Aun cuando la niebla lo cubriera todo ahora, sabía que Falme seguía allí, más adelante. Los caballos aligeraron el paso; no podía verlos, pero los oía.
De improviso el suelo se abrió ante ellos con un estruendoso revuelo de tierra y guijarros. Procedente de la blanca pantalla cegadora de su derecha oyó una nueva detonación, seguida de los relinchos y gritos de sus hombres y luego sonó otra más. Y otra.

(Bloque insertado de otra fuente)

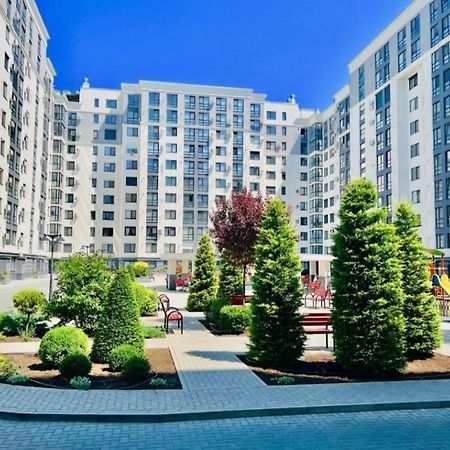 Новая Квартира Vip Chişinǎu Buitenkant foto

Truenos y gritos, ocultos tras la niebla.
—¡A la carga!
Su caballo saltó de estampida al clavarle las espuelas y a sus espaldas sonó un fragor cuando los componentes todavía ilesos de la legión lo secundaron arreciando el paso.

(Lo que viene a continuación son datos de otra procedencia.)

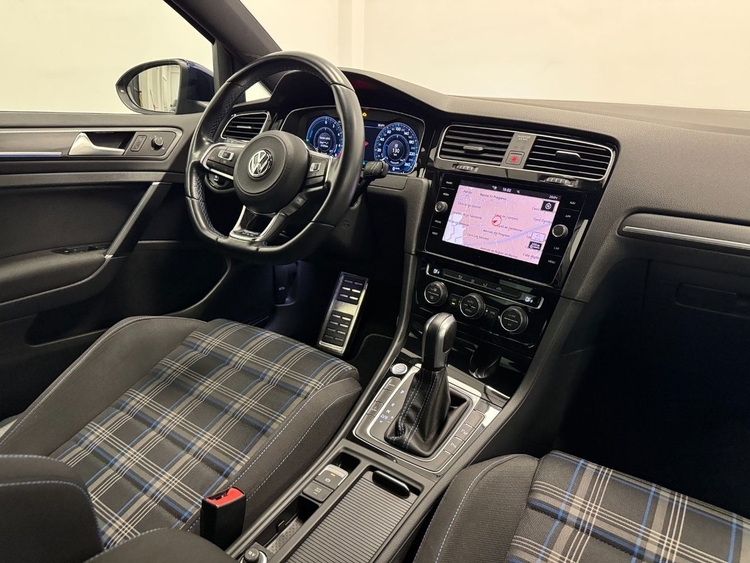Volkswagen Golf GTE 1.4 TSI e-Power Híbrido enchufable 204 5p foto 12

Truenos y gritos, envueltos en opacidad blanca.
Sus últimos pensamientos fueron un lamento por que Byar no pudiera explicar a su hijo Dain de qué modo había muerto.

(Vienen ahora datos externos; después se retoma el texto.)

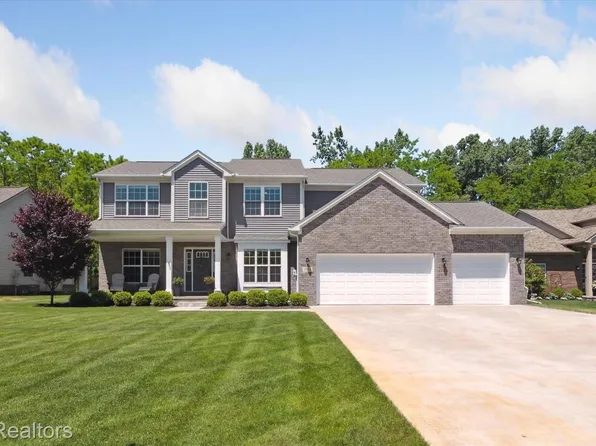 1592 Trace Hollow Dr, Commerce Township, MI 48382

Rand ya no distinguía los árboles que los rodeaban. Aun cuando Mat hubiera bajado la mano con que sostenía el Cuerno, con los ojos muy abiertos por el asombro, su toque aún resonaba en los oídos de Rand. La niebla lo tapaba todo en ondulantes olas tan blancas como la más fina lana blanqueada y, no obstante, Rand podía ver. Podía ver, pero lo que percibía era una locura. Falme flotaba en algún punto allá abajo, con sus límites terrestres abarrotados de filas de seanchan, mientras los rayos hendían sus calles. Falme estaba suspendida sobre su cabeza. Acá los Capas Blancas pasaban a la carga y perecían a un tiempo que la tierra abría pozos de fuego bajo los cascos de sus caballos. Acullá los hombres corrían por las cubiertas de altos barcos cuadrados amarrados en el puerto, y en una embarcación, una embarcación que le resultaba conocida, unos marineros temerosos aguardaban. Incluso pudo reconocer el rostro del capitán Bayle Domon. Se llevó las manos a la cabeza. Los árboles estaban ocultos, pero aún veía claramente a sus compañeros. Hurin ansioso; Mat murmurando amedrentado; Perrin con cara de constatar algo previsto. La niebla subía en espiral en torno a ellos.
—¡Lord Rand! —exclamó Hurin.
No fue preciso que señalara con la mano.
Descendiendo por la ondulante neblina, como si ésta fuera la ladera de una montaña, se aproximaban unas formas a caballo, al principio apenas perceptibles entre la densa bruma. Cuando se hallaron cerca, Rand se sumió en la perplejidad. Los conocía. Hombres, no todos revestidos de armaduras, y mujeres. Sus atuendos y armas provenían de todas las eras, pero él los conocía a todos.
Rogosh Ojo de Águila, un hombre de aspecto paternal con el pelo blanco y mirada tan intensa que su nombre apenas si rendía idea de ella. Gaidal Cain, un individuo de tez morena en cuyos anchos hombros asomaban las empuñaduras de sus dos espadas. Birgitte, la de cabellos dorados, con su resplandeciente arco de plata y el carcaj rebosante de argentinas flechas. Había más. Conocía sus rostros, conocía sus nombres. Al mirar cada una de las caras, no obstante, oyó cientos de nombres, algunos tan diferentes que no los reconocía como tales, pese a saber que lo eran. Michael en lugar de Mikel. Patrick en vez de Paedrig. Oscar por Otarin.